Only (D) gives (n+1)/2 = 9, a perfect square, so the whole expression is an integer.

Answer: (D)

naw · Answer

Would love to hear an expert reply. 
How can you know which ones are perfect squares without calculating it

Adit_ · Answer

Using POE we can solve this:

1st one:
We have an issue with factor 5 because:
14! has 2 5s only and 15! brings another extra 5 making it 5^3 whose root cannot give an integer. OUT.

2nd one:
We have an issue with factor 2 itself here.
16! gives 15!*16 and 16=2^4, since there is divided by 2 included, we have to remove one of the 2s, it leaves us with odd number of 2s. Again cannot give us an integer. OUT.

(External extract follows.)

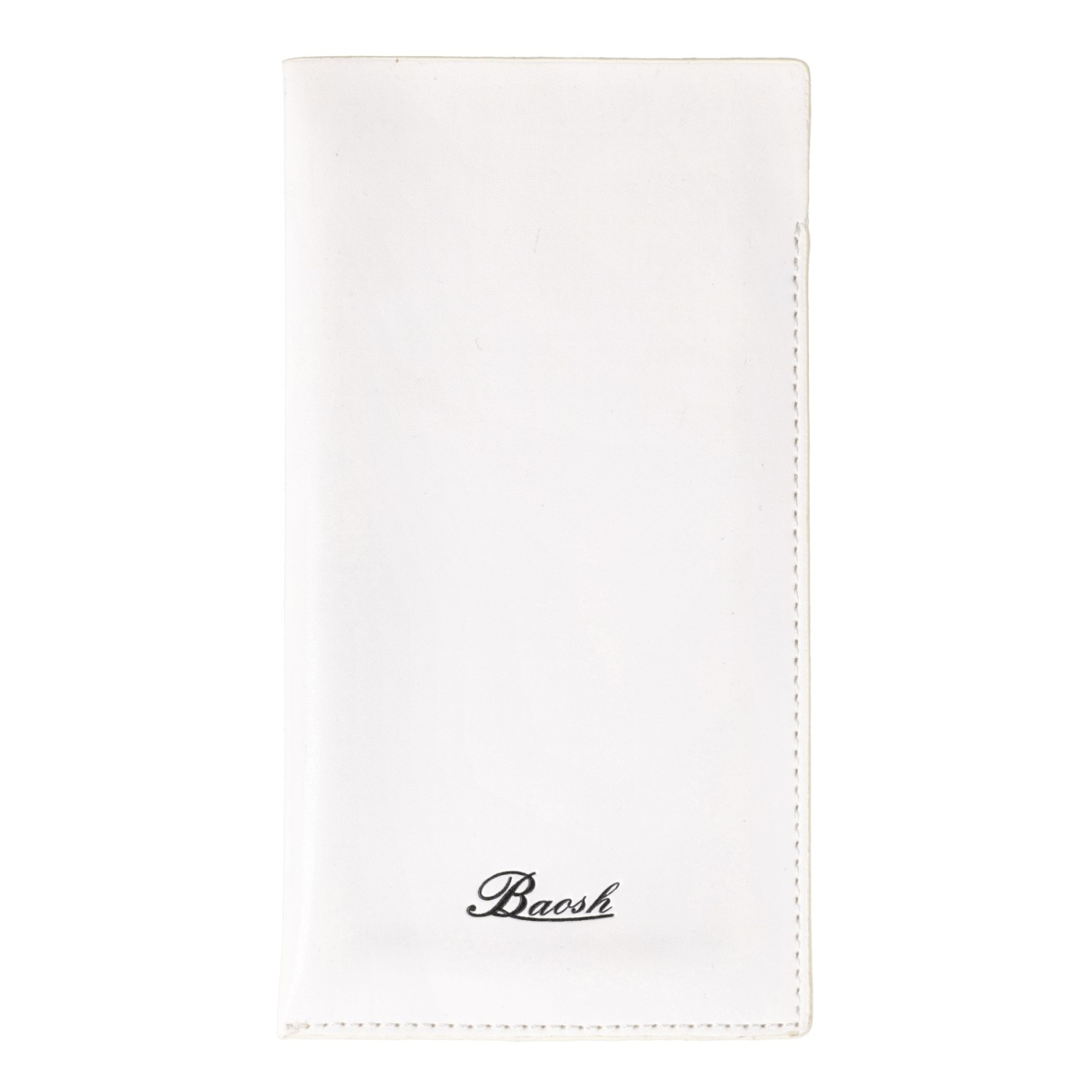 Įmautė Baosh balta K7 dydis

3rd one: 17 is a prime number and there is no other 17 in the expression, but only 1. Not an integer. OUT.

4th one:
Here 17 gets multiplied again in 18! thus that is not a problem here. Taking 5 as another factor also works as 17/5 and 18/5 results in same values. 
So far looks good no need to dive further we havent yet found an issue with this. Keep.

5th one:
Ending with prime number 19 in 19!, no other 19 in expression and only 1 of it is there. Root can't be an integer. OUT.

Our final answer has to be  option D  only.

Adit_ · Answer

You can otherwise solve using POE, you need to find just 1 reason to eliminate an option, if you find 2 or more reasons to keep the option then keep, and keep eliminating the rest until you have hit on the final answer. In this case by using the prime factorization method we can eliminate all the options except D.

naw

Would love to hear an expert reply.
How can you know which ones are perfect squares without calculating it

KarishmaB · Answer

When we have a square root, to get an integer answer, we need 2 instances of the number under the square root.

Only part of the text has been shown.